The court accepted Deegan’s petition to review the constitutionality of the 2003 amendment.  After analyzing the history and scope of postconviction remedies and the right to counsel in Minnesota and other states, and at the federal level, the court concluded “… that the 2003 amendment deprives some defendants of meaningful access to one review of a criminal conviction, in violation of their right to the assistance of counsel under Article I, section 6 of the Minnesota Constitution.”

 

The court held that “a defendant’s right to the assistance of counsel under … the Minnesota Constitution extends to one review of a criminal conviction, whether by direct appeal or a first review by postconviction proceeding” so that, consequently, “section 590.05, as amended by … [Laws] … 2003, [1st Special Session] ch. 2, art. 3, [section] 2, … is unconstitutional.  The court’s remedy was to sever the 2003 amendment so that section 590.05 exists “… as it existed before the 2003 amendment” and “… the version that existed prior to the 2003 amendment is revived.”

 

[NOTE 1:   Laws 2003, First Special Session chapter 2, article 3, section 3, also added identical language to Minnesota Statutes, section 611.14.] 

 

[NOTE 2:  Minnesota Statutes 2006, section 590.05, continues to show the language declared to be unconstitutional by this case, not the “revived” pre-2003 version.]


Minnesota Statutes, secs. 609.321, subd. 12, and 609.324, subd. 2

Prostitution; Public Place

 

State v.

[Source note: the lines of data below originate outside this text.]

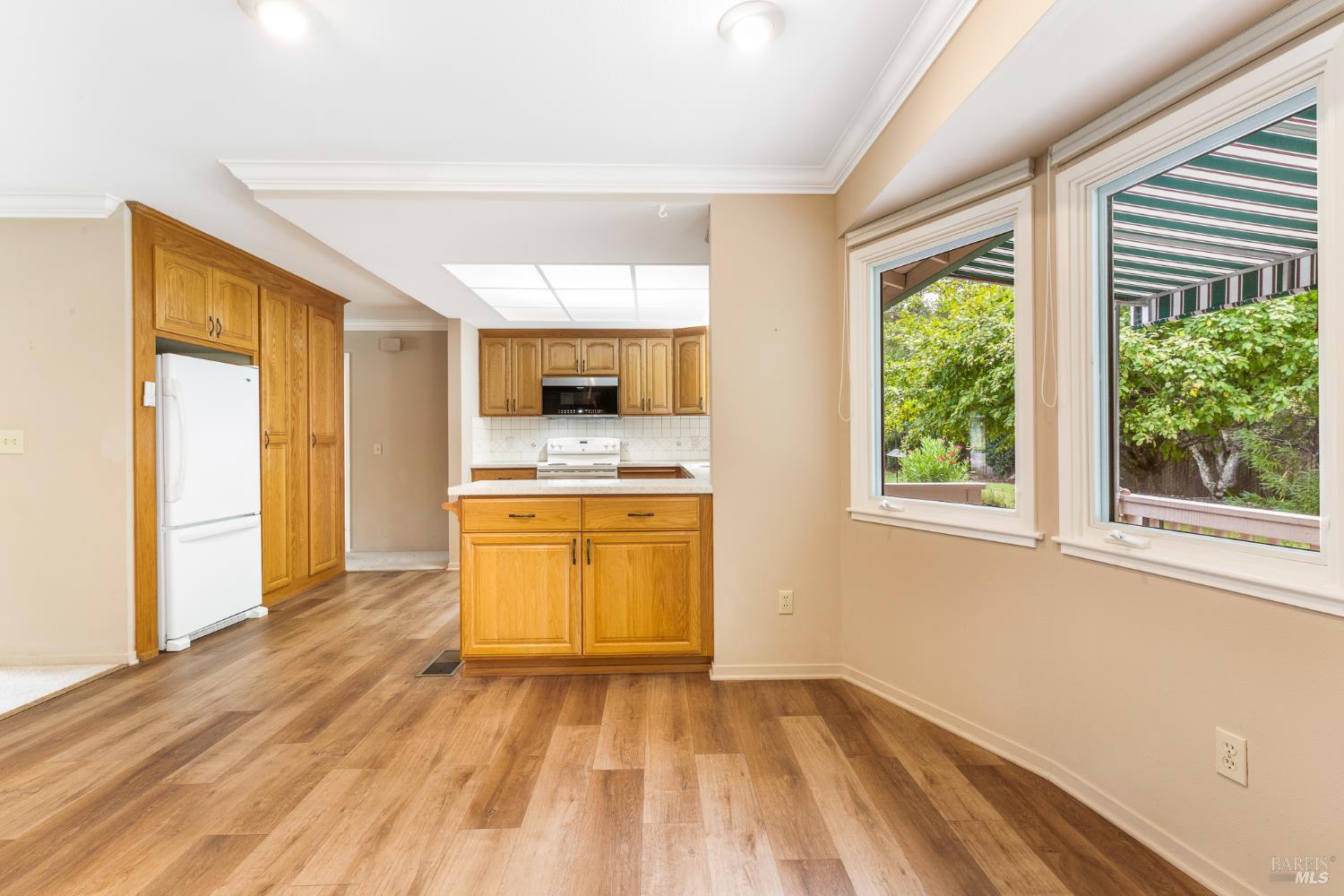 Property photo 16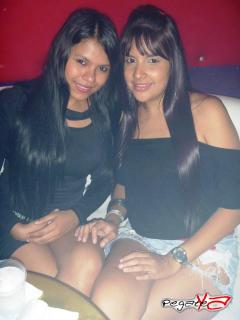 Foto 3 de Discoteca ((( Sin Rencor )))) Junio 8 en Sin Rencor, Cali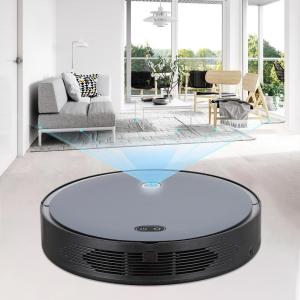 Xiaomi roborock s7 robot vacuum cleaner and mop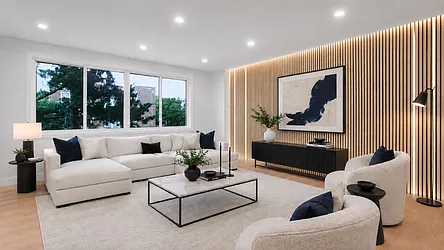 263 Quincy Avenue, #3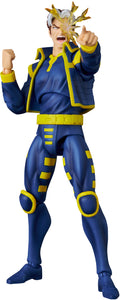 MAFEX X-Man (Nate Grey) (X-Men) Maple and Mangoes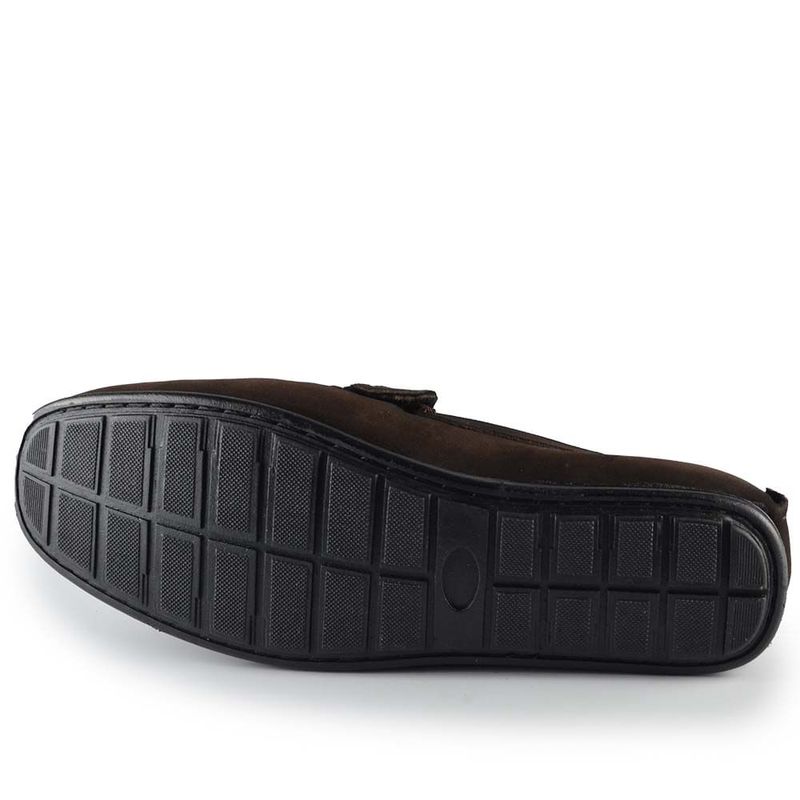 mocassim-granado-masculino-600-cafe-600(5).jpg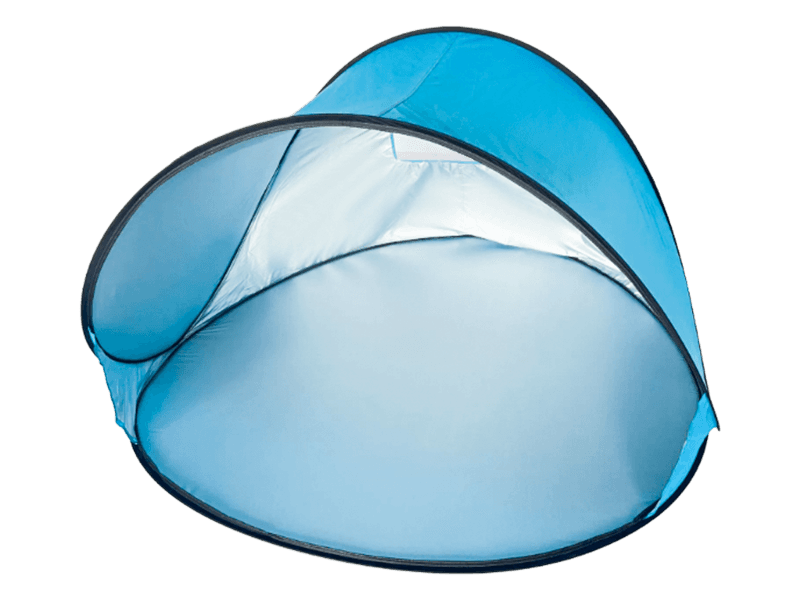 Leichtes und tragbares Outdoor-Angelzelt
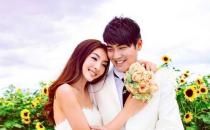 这些迹象说明婚姻出现危机了！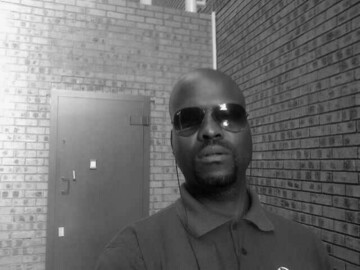 kool kat3, 45 Johannesburg South, Gauteng, South Africa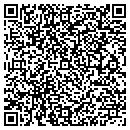 QR code with Suzanne Branch contacts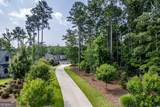 1140 Lumbering Creek - Photo 54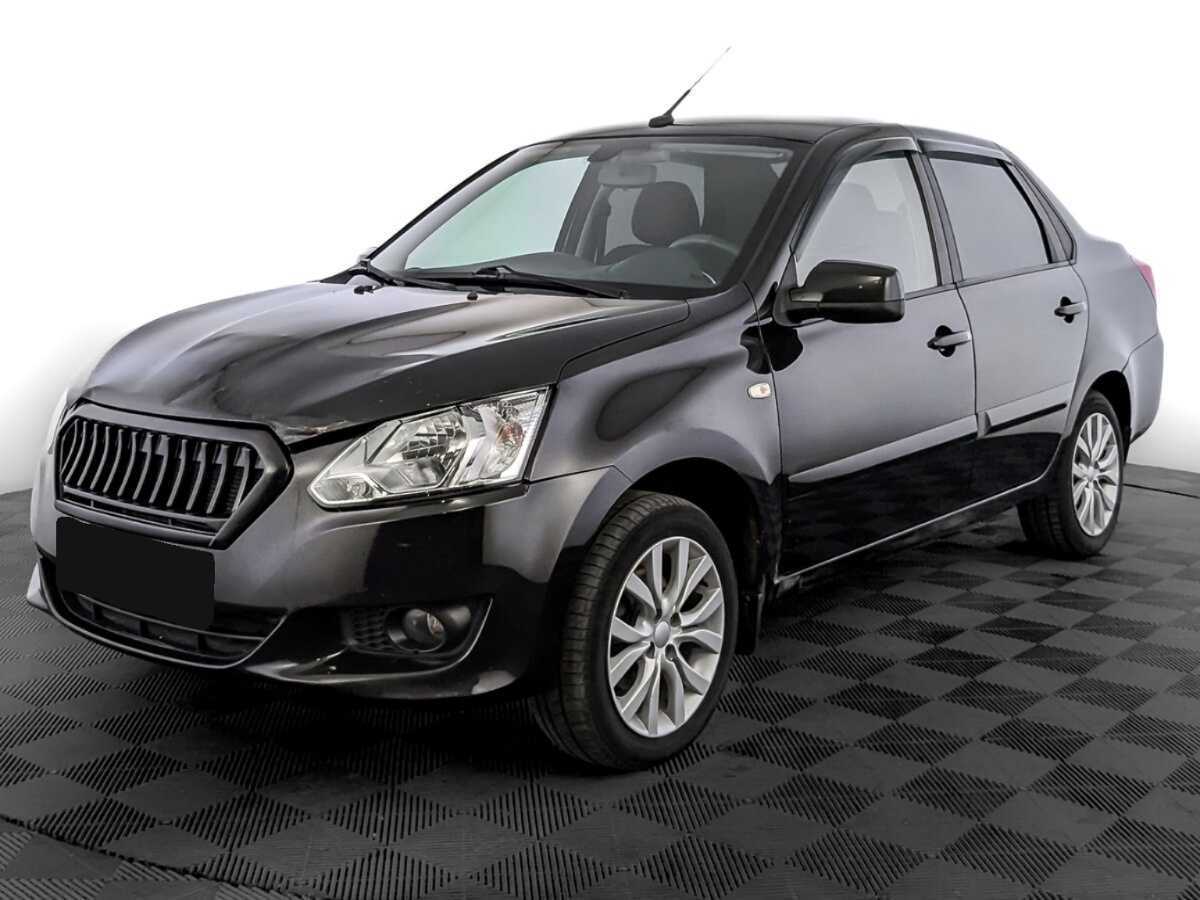 {{ $carItemModel->mark <div class=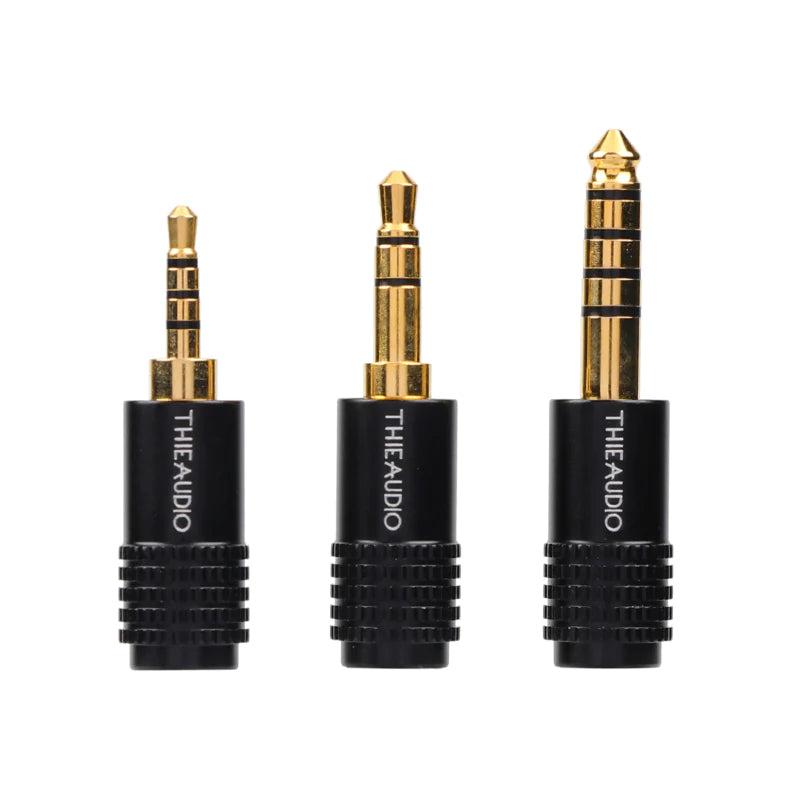 Thieaudio Oracle MKII Tribrid IEMs | Bloom Audio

White

Minnesota Court of Appeals

March 1, 2005

 

After negotiating with an undercover police officer, while in the officer’s car, for an exchange of oral sex for $30, the defendant was arrested and charged with prostitution under Minnesota Statutes, section 609.324, subdivision 2, which states, in pertinent part, “Whoever solicits … to engage for hire in sexual … contact while in a public place may be sentenced ….” [Emphasis added.]  Minnesota Statutes, section 609.321, subdivision 12, defines “public place” as “… a public street or sidewalk, a pedestrian skyway system …, a hotel, motel, or other place of public accommodation, or a place licensed to sell intoxicating liquor, wine, nonintoxicating malt beverages, or food.”

 

The defendant argued the interior of the officer’s car is not a public place for purposes of the prostitution laws and the lower court agreed, dismissing the charge after finding “public place” to be ambiguous and concluding that the term “should be interpreted to refer to areas ‘where the public is likely to be present.’”

 

The court framed the issue as “… whether that part of the ‘public street’ occupied by the vehicle inside which White was sitting was a ‘public place.’”

 

After examining other cases and contexts determining the scope of “public place,” the court noted that “Had the legislature so intended, it could have defined as a gross-misdemeanor offense the solicitation of prostitution in a motor vehicle.” It affirmed the lower court and held that the term does not include the interior of a car.